|
|
|
|
|
by HalcyonCowboy
1514 days ago
|
|
It took me a couple of readings to make sure I understood what you were saying, thanks for the reply. I think my misunderstanding was from not knowing Julia and thinking about promotion of values as having a permanent effect on the variables used, which isn’t what’s happening. As well, it requires the user to understand what they’re doing when they’re using an operator that uses automatic promotion, and to think about what they want to happen. For example, if Int8 = -10 and UInt16 = 5, and I’m expecting an answer of -5, then I’ll need to be more explicit to get the number I’m looking for. If I’m expecting 65530, then the implicit promotion works fine. Of course, this is no different from any other programming language that allows addition of differing types.

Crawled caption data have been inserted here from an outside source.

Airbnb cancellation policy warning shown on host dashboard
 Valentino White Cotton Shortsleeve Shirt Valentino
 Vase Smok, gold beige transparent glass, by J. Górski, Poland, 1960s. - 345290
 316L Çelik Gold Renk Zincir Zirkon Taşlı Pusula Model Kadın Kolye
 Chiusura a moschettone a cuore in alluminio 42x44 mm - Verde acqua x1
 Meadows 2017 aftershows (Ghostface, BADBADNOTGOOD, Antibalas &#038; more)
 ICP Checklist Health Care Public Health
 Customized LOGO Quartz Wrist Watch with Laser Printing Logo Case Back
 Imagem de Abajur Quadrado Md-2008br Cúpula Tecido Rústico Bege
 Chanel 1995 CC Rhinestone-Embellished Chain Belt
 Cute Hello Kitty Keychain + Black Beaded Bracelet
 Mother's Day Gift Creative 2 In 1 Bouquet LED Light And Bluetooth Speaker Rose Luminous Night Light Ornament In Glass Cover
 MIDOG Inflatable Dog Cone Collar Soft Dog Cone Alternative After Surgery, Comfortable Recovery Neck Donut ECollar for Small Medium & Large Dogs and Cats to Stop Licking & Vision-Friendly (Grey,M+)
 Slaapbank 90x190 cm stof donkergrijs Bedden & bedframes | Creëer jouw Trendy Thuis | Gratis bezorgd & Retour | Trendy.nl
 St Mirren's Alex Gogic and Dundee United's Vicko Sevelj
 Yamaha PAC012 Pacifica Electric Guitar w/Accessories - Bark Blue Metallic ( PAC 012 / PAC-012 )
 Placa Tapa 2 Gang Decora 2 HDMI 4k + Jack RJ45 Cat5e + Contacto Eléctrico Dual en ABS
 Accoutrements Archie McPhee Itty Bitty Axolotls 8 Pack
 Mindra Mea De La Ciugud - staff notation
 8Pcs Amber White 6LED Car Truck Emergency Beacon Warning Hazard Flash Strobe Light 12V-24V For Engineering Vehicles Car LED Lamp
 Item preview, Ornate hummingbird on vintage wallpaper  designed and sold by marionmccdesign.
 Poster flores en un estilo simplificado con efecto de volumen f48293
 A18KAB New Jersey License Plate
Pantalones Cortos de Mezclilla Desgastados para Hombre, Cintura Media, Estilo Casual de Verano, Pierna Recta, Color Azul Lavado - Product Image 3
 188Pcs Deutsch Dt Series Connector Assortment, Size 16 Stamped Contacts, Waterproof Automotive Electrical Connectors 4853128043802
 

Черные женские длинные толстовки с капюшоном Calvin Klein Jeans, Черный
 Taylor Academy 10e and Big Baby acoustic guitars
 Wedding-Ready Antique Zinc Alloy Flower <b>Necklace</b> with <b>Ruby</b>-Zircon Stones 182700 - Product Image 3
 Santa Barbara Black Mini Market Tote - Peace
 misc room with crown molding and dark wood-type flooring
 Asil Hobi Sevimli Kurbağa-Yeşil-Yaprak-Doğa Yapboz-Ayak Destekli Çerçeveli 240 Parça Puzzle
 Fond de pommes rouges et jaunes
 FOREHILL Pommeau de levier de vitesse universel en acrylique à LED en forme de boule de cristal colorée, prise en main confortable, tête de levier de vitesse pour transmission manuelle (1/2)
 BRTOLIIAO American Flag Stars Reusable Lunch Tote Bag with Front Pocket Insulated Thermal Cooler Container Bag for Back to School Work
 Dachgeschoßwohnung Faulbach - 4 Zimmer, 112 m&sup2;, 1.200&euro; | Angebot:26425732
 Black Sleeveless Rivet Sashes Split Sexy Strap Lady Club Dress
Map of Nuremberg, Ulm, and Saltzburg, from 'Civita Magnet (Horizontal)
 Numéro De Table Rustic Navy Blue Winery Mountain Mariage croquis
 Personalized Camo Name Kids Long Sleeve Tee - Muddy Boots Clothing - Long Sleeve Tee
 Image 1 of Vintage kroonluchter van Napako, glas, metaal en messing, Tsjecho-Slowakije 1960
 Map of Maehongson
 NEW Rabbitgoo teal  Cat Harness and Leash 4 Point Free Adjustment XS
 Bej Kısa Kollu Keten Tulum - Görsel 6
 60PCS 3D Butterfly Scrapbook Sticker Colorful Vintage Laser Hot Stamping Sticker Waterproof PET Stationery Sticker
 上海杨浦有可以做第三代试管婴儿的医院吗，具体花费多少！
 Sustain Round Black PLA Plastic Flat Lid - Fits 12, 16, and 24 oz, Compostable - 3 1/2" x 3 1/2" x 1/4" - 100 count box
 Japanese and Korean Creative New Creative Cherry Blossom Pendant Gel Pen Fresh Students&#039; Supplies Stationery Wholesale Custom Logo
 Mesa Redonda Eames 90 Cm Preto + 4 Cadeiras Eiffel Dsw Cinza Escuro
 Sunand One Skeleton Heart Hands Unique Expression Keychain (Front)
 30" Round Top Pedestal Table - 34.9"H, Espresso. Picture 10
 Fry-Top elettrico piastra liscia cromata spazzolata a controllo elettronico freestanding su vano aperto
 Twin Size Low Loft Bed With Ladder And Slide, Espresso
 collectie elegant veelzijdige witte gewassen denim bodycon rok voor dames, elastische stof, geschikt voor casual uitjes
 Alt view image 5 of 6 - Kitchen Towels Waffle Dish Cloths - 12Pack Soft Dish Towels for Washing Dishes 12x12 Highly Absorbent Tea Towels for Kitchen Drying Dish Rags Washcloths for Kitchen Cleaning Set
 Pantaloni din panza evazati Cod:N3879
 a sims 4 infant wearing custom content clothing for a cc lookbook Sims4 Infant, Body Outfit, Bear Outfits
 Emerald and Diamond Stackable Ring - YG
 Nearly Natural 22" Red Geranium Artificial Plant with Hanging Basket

Great point on the path dependence. |
|
That depends on what you're hoping to do with the number you're looking for. If you wanted -5 as an Int16, the bit pattern would be 1111 1111 1111 1011 or 0xFFFB.
If you wanted 65531 as a UInt16, the bit pattern for that is 1111 1111 1111 1011 or 0xFFFB. You're getting the same result either way. And any values you compute from that result [that is, by arithmetic] are going to be unaffected by whether you labeled the result "Int16" or "UInt16", because that's just a label. If you labeled 0xFFFB a "Snerf", the arithmetic would still be the same.
There are only a very restricted set of places where you need to be explicit about whether you think of your variable as an Int or a UInt:
1. When you're widening it.
2. When you're doing a right shift.
3. When you're formatting it for display to a human.